Noch immer Hunderte Vermisste Retter am Jangtse finden nur Leichen
03.06.2015, 07:22 Uhr
Verzweifelt kämpfen Retter bei schlechtem Wetter um die Bergung der Passagiere des "Sterns des Ostens": Noch immer werden auf dem Jangtse über 430 Menschen vermisst. Dass es noch Überlebende gibt, wagt kaum jemand mehr zu hoffen.
Nach dem Schiffsunglück auf dem Jangtse-Strom in Zentralchina werden noch immer mehr als 420 Passagiere vermisst. Es könnte Chinas "schlimmste Schiffskatastrophe in fast sieben Jahrzehnten sein", wie Staatsmedien berichten. Bis zum Morgen wurden weitere Leichen geborgen, womit die Zahl der bestätigten Toten auf 18 stieg. Lediglich 14 Passagiere konnten bislang gerettet werden.
Obwohl ein kleiner Teil des Schiffs aus dem Jangtse ragt, kommen die Bergungsarbeiten im nach wie vor schlechten Wetter nur mühsam voran. Rund 150 Schiffe und mehr als 3000 Helfer beteiligen sich an der Rettungsaktion, darunter 140 Taucher. Sie durchsuchen nach und nach alle 150 Kabinen, können sich aber in dem schlammigen Wasser nur tastend fortbewegen. Ministerpräsident Li Keqiang koordiniert die Arbeiten persönlich.
Es ist ein Wettlauf gegen die Zeit: Bergungskräfte, die mit Hämmern auf den Rumpf einschlugen, wollen Signale aus dem Inneren gehört haben - die Hoffnung ist groß, dass viele der Eingeschlossenen in Luftblasen überlebt haben.
Das Schiff war am Montagabend bei Jianli in der Provinz Hubei nahe der bei Touristen beliebten Drei-Schluchten-Region gekentert. Es befand sich auf dem Weg zwischen den alten chinesischen Hauptstädten Nanking und Chongqing, 458 Menschen waren an Bord.
Regen flutete die Kabinen
An Bord des Ausflugsschiffes waren nach Angaben des Staatsfernsehens neben 47 Besatzungsmitgliedern und fünf Reiseleitern 406 Passagiere. Örtlichen Medienberichten zufolge sind die meisten von ihnen mehr als 60 Jahre alt und hatten die Tour über Reiseagenturen gebucht. Schiffseigner ist das auf Ausflüge in die Drei-Schluchten-Region spezialisierte Unternehmen Chongqing Dongfang. Dem "21st Century Business Herald" zufolge ist der "Stern des Ostens" seit 1993 in Betrieb und sollte in drei Jahren ausgemustert werden.

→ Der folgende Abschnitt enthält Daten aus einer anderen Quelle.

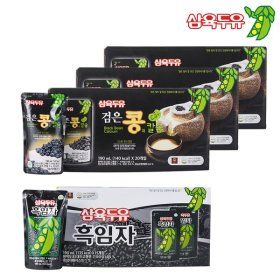 상품 이미지: (삼육두유)검은콩과 칼슘 흑임자 두유 파우치 190ml 80팩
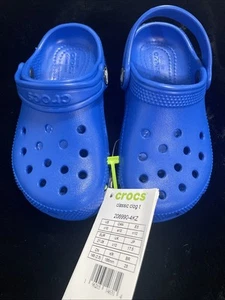 Crocs Kids' 10c Blue Shoes Water Shoes, Slip On Shoes NWT Unisex - Picture 1 of 5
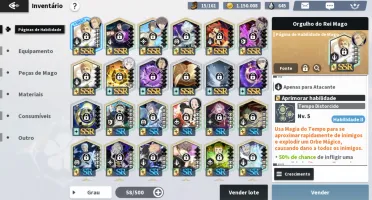 Black Clover M - Ranque 22, Julius C5 e a arma C5 + Noelle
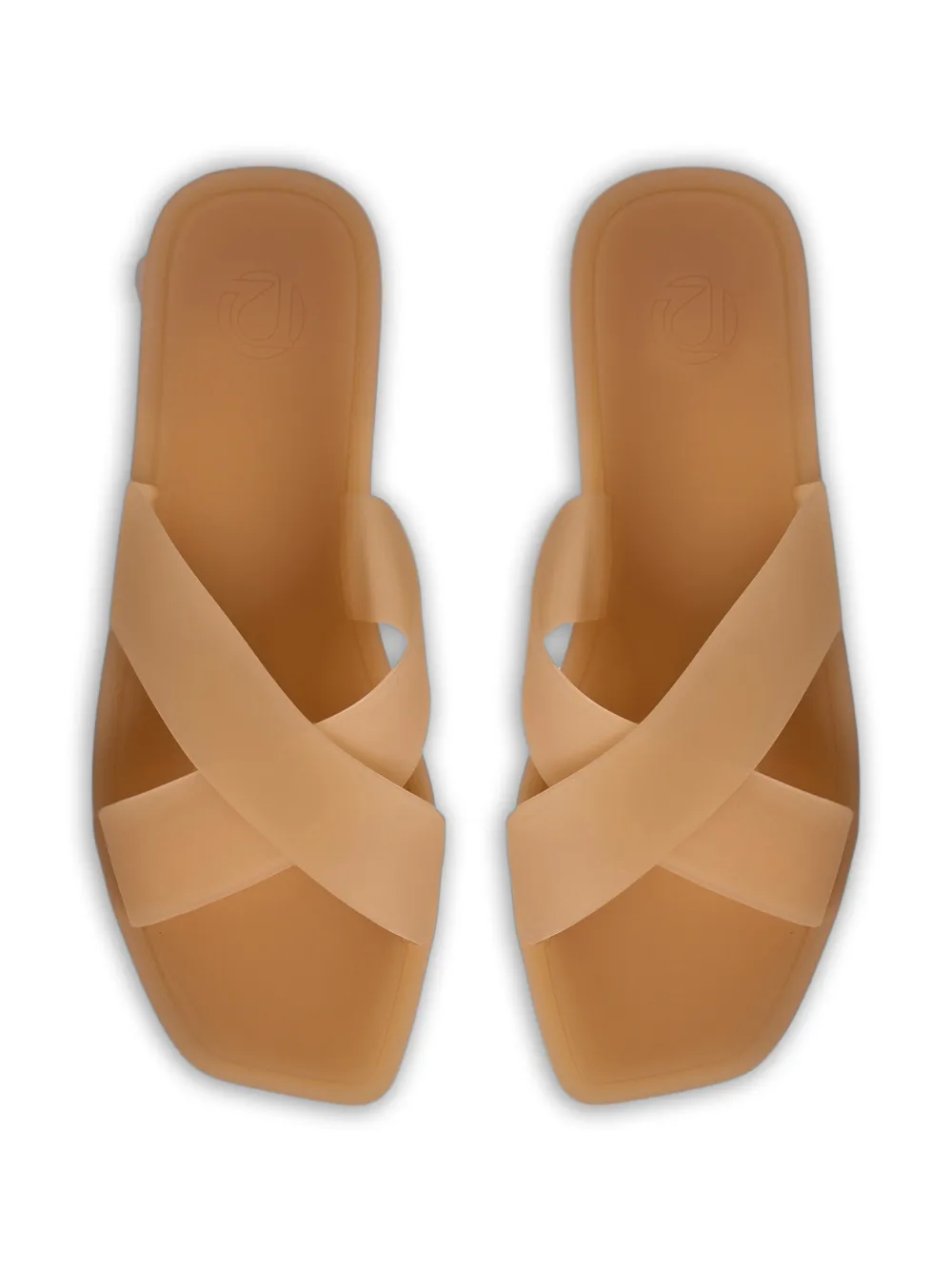 12 STOREEZ Sandalen met gekruiste bandjes Beige
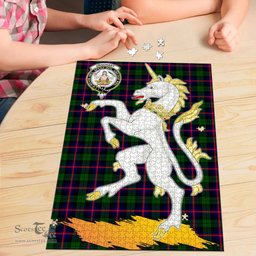 Scottish Urquhart Modern Clan Tartan Puzzle - Unicorn Style Scottish Plaid Tartan Plaid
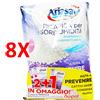 ARIASANA 8 X Ariasana Assorbiumidita' Ricarica Cristalli Lavanda 450 Grammi 3 Pz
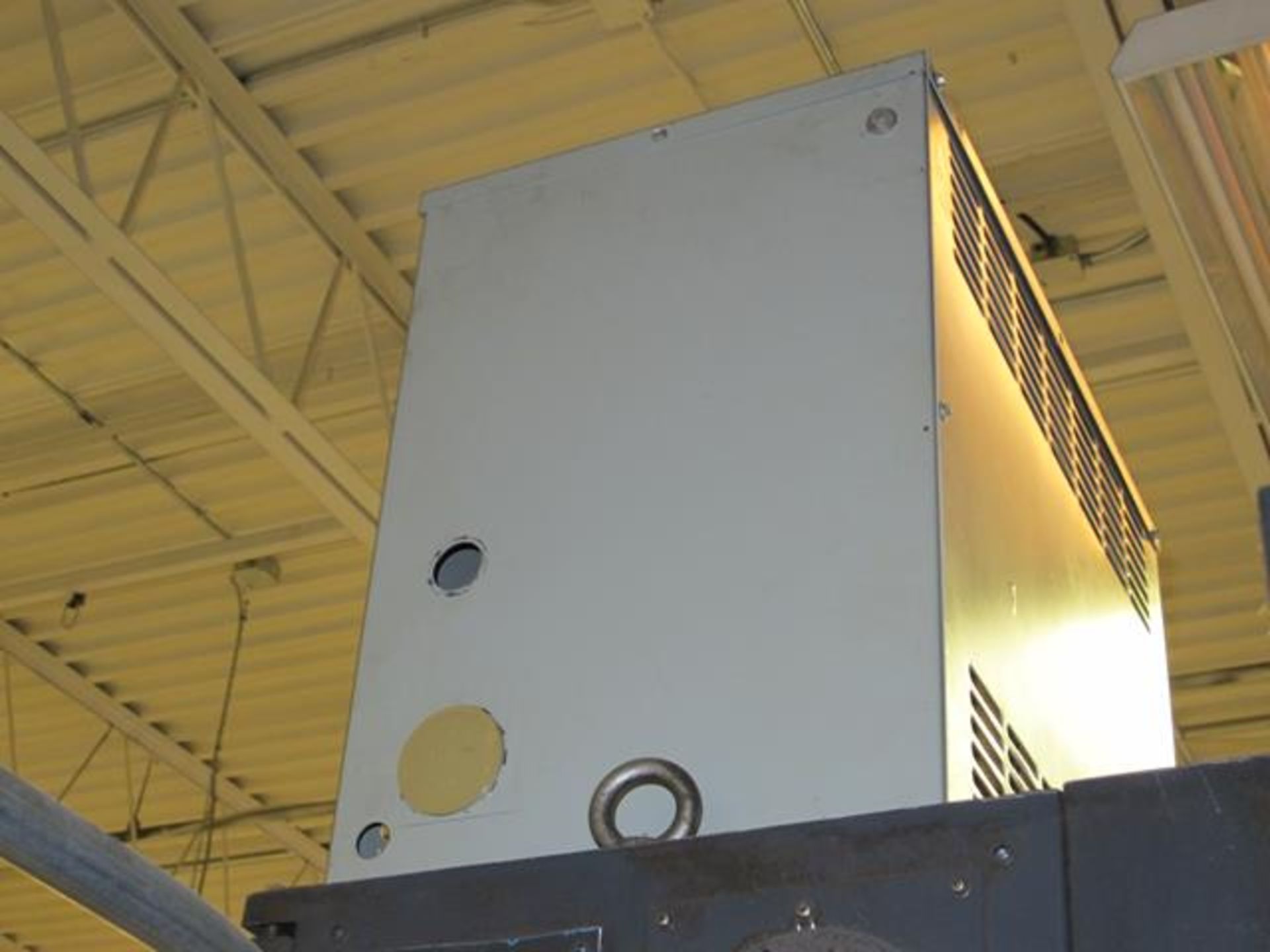 FEDERAL PIONEER TRANSFORMER, 600V TO 220V, 45 KVA, USED WITH LOT 26, (L2) - Image 2 of 3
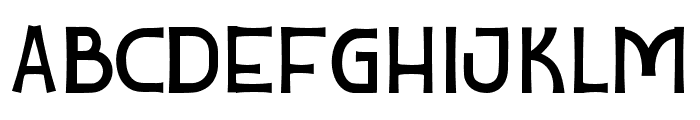 HOLLYWORST-Regular Font UPPERCASE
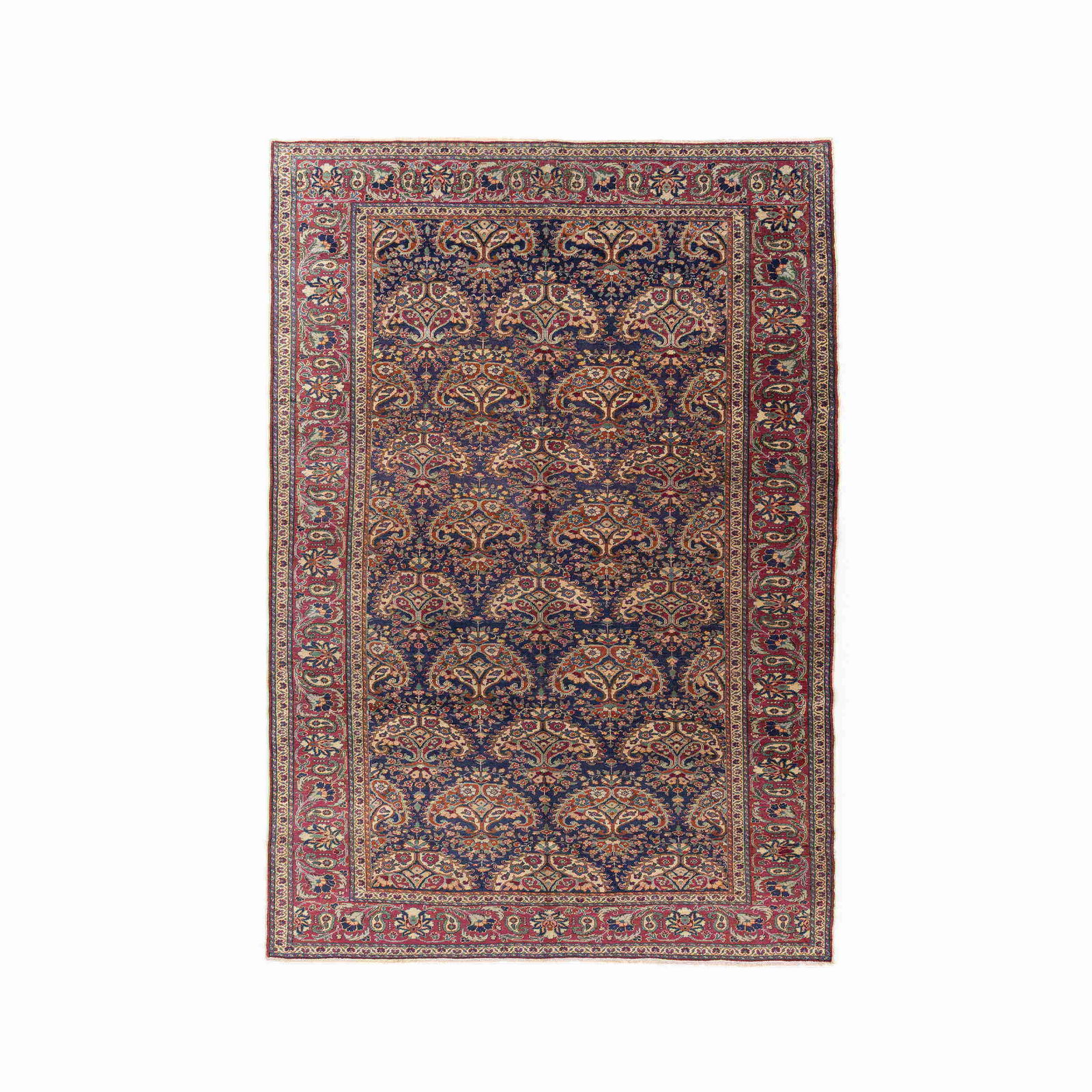 Authentic Handmade Kayseri Wool Carpet 80.3 x 115.4 Inches (1 of 8)
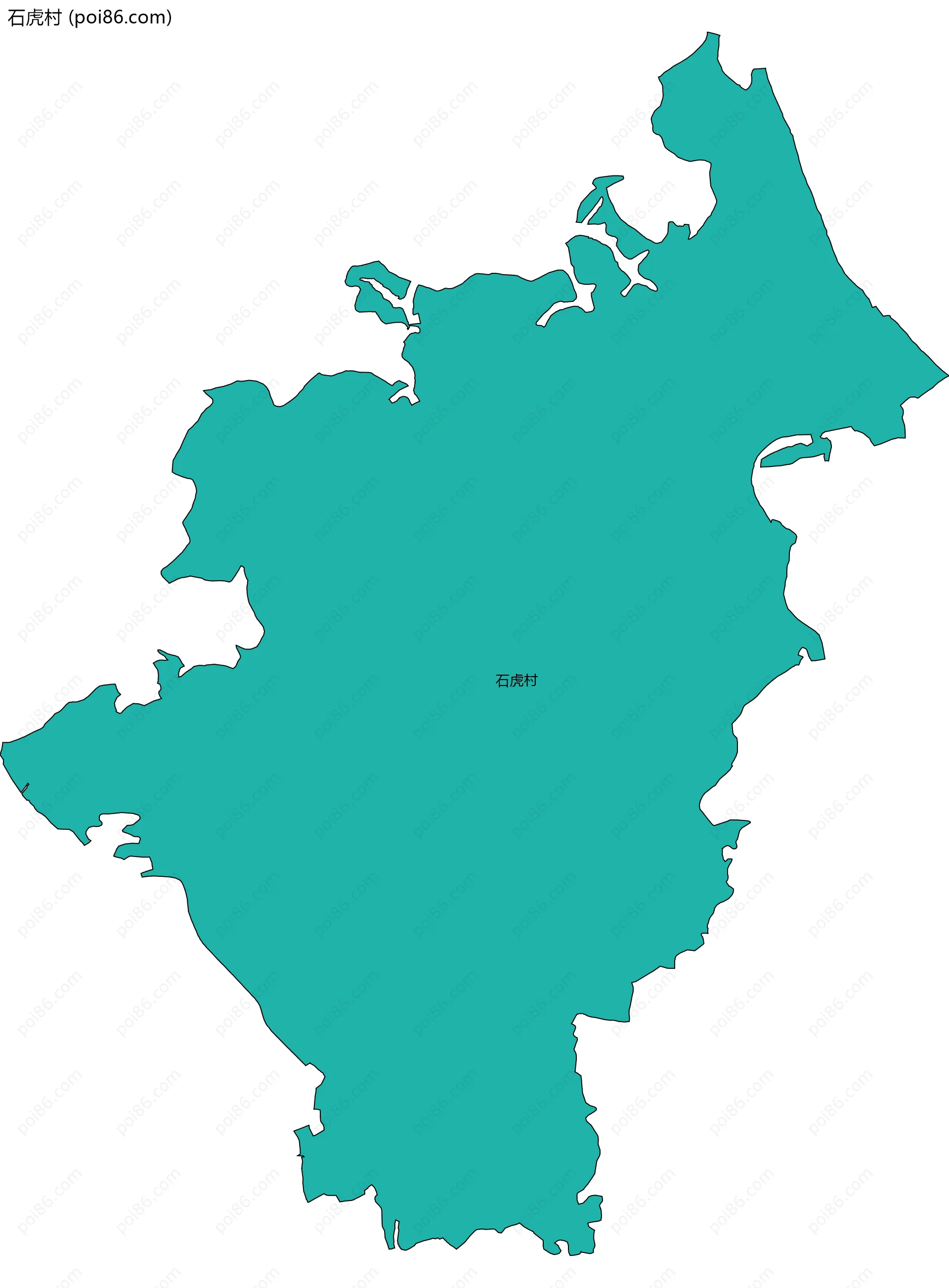 石虎村边界地图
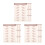 12 Pièces Stickers Sourcils Adhésifs 3D Marron Imperméables 6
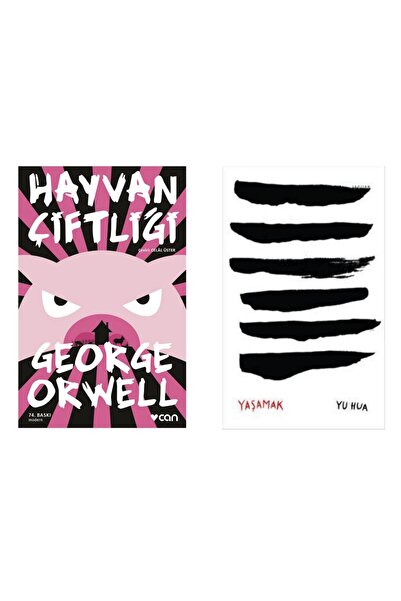Can Yayınları Hayvan Çiftliği George Orwell   Yaşamak Yu Hua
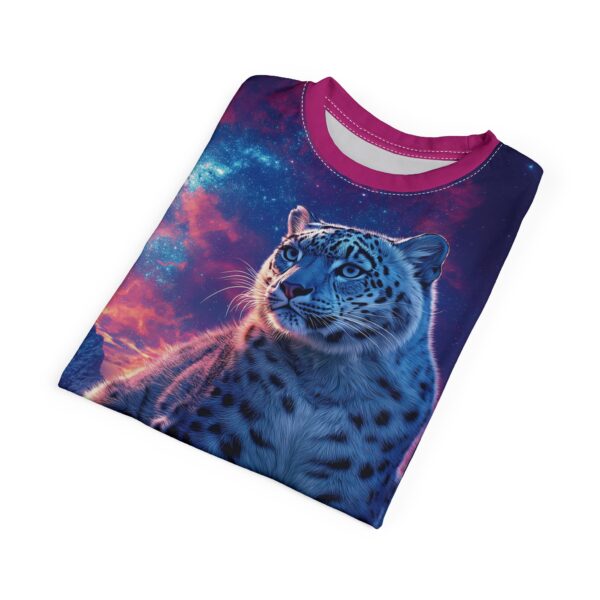 Snow Leopard Unisex Tee by Wyldesigns - Wildlife Graphic T-Shirt #WD-D016 (AOP) - Image 30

Unklar ist noch immer, was genau das 76 Meter lange Schiff zum Kentern brachte. Erste Untersuchungen ergaben nach Informationen der Nachrichtenagentur Xinhua, dass es nicht überladen war und über genügend Rettungswesten verfügte. Der 43-jährige Reiseleiter Zhang Hui, der das Unglück ebenfalls überlebte, berichtete Xinhua, dass ein Regensturm am Montagabend kurz nach 21 Uhr dem Schiff schwer zu schaffen machte: "Das Regenwasser strömte an der rechten Schiffsseite herunter, viele Passagierkabinen wurden geflutet", sagte er. Demnach rann das Wasser selbst noch durch geschlossene Fenster. Eine halbe Stunde später kenterte das Schiff.
Bundeskanzlerin Angela Merkel erklärte in einem Kondolenztelegramm an Li, sie hoffe, dass eine "größtmögliche Zahl an Menschenleben gerettet" werden könne. Ähnlich äußerte sich Bundesaußenminister Frank-Walter Steinmeier.